*** Data for this task Section Begins ***
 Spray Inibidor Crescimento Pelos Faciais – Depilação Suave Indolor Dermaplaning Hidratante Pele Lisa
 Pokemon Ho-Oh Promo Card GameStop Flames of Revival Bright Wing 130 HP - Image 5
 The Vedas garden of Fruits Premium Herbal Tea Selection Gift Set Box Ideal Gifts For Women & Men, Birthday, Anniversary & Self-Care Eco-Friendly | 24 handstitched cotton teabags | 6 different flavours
*** Data for this task Section Ends ***
*** Data for this task Section Begins ***
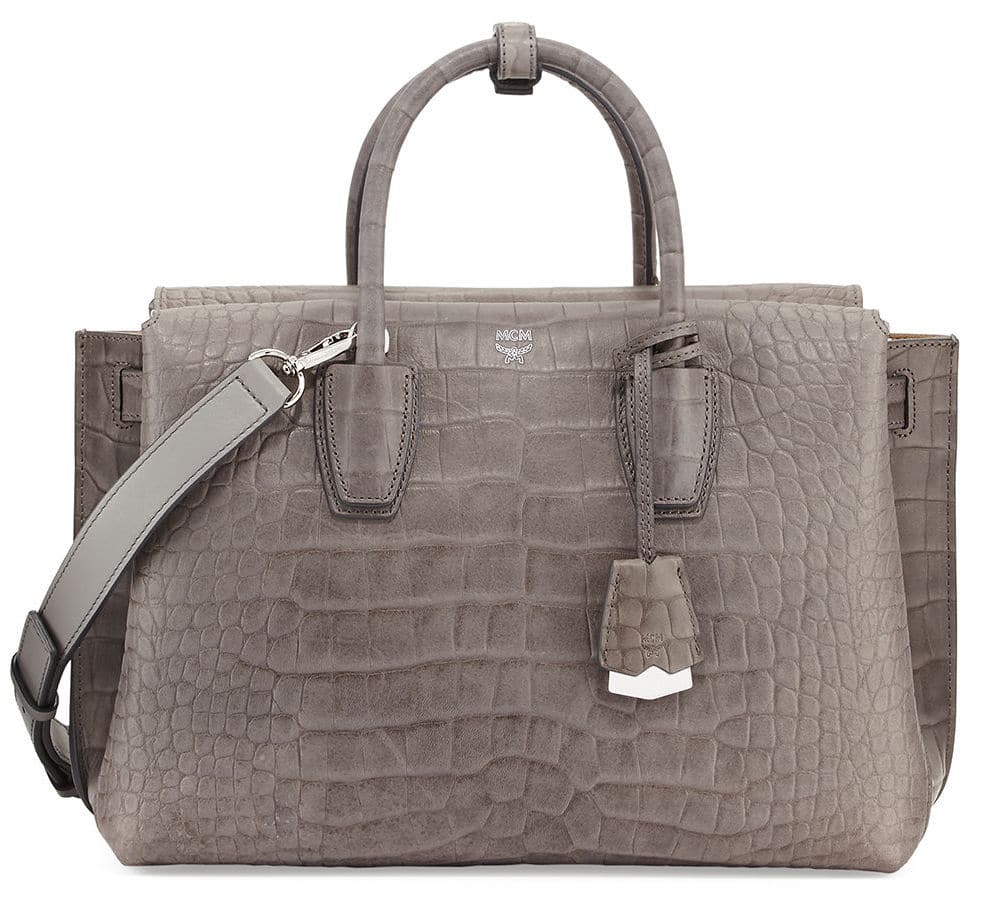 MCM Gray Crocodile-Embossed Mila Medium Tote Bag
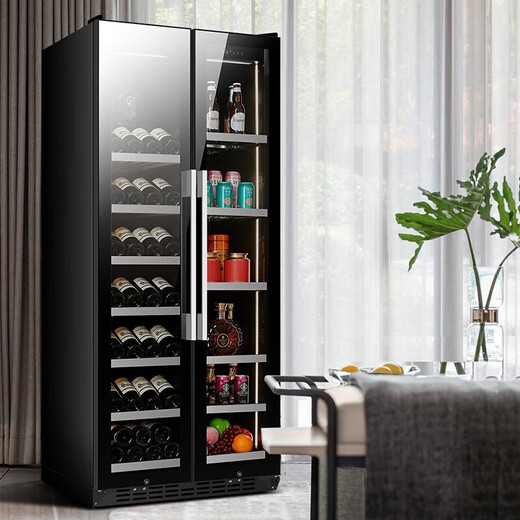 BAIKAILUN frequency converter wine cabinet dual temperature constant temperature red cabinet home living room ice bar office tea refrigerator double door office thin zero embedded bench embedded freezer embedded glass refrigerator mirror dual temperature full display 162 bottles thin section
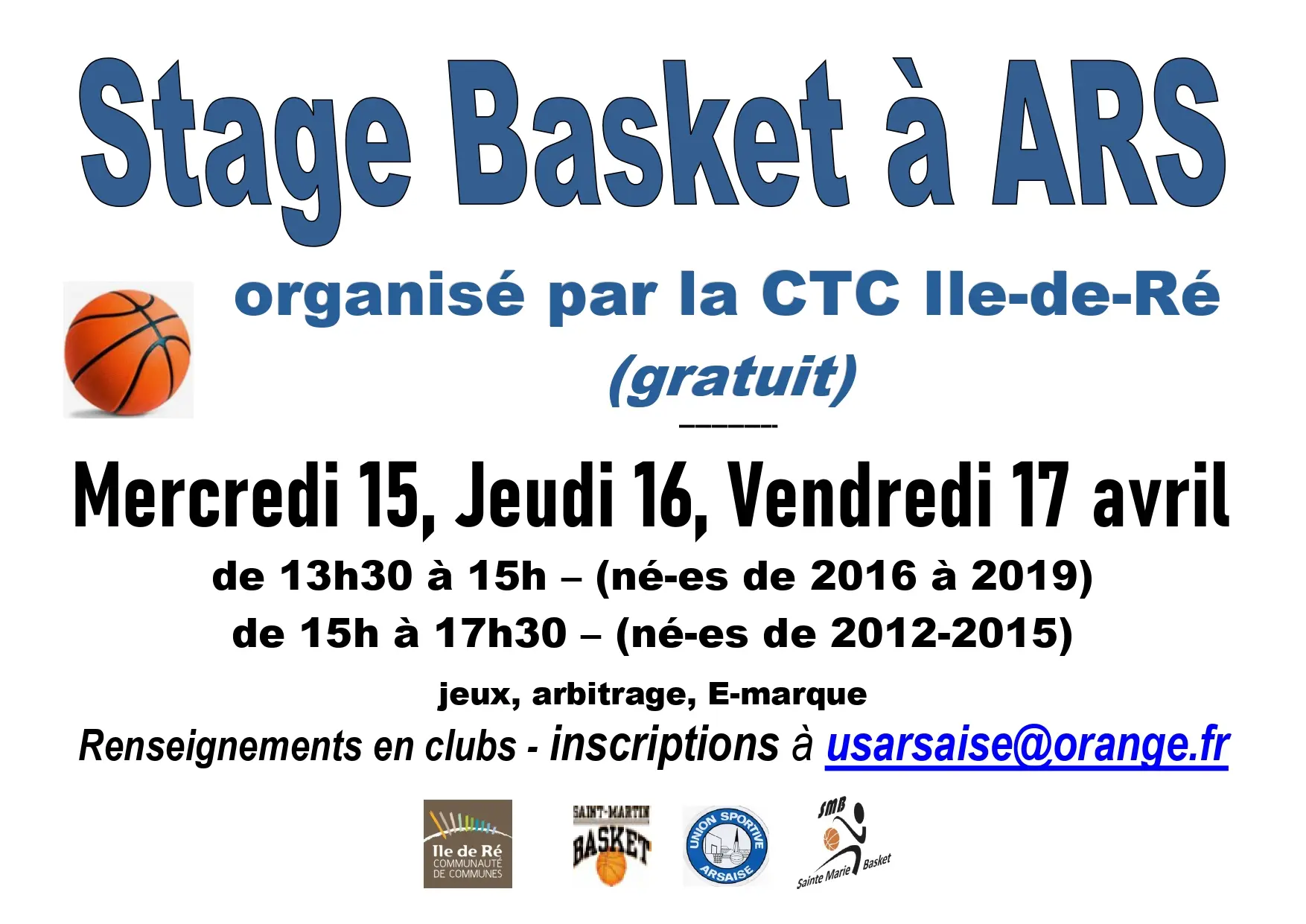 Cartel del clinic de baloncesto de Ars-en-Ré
*** Data for this task Section Ends ***
== What the task requires ==
Copy only this from above: the line containing "MCM Gray Crocodile-Embossed", the line containing "Cartel del clinic de baloncesto de Ars-en-Ré", and all lines between, printed exactly. Leave out the pictures.

== Worked solution ==
 MCM Gray Crocodile-Embossed Mila Medium Tote Bag
 BAIKAILUN frequency converter wine cabinet dual temperature constant temperature red cabinet home living room ice bar office tea refrigerator double door office thin zero embedded bench embedded freezer embedded glass refrigerator mirror dual temperature full display 162 bottles thin section
 Cartel del clinic de baloncesto de Ars-en-Ré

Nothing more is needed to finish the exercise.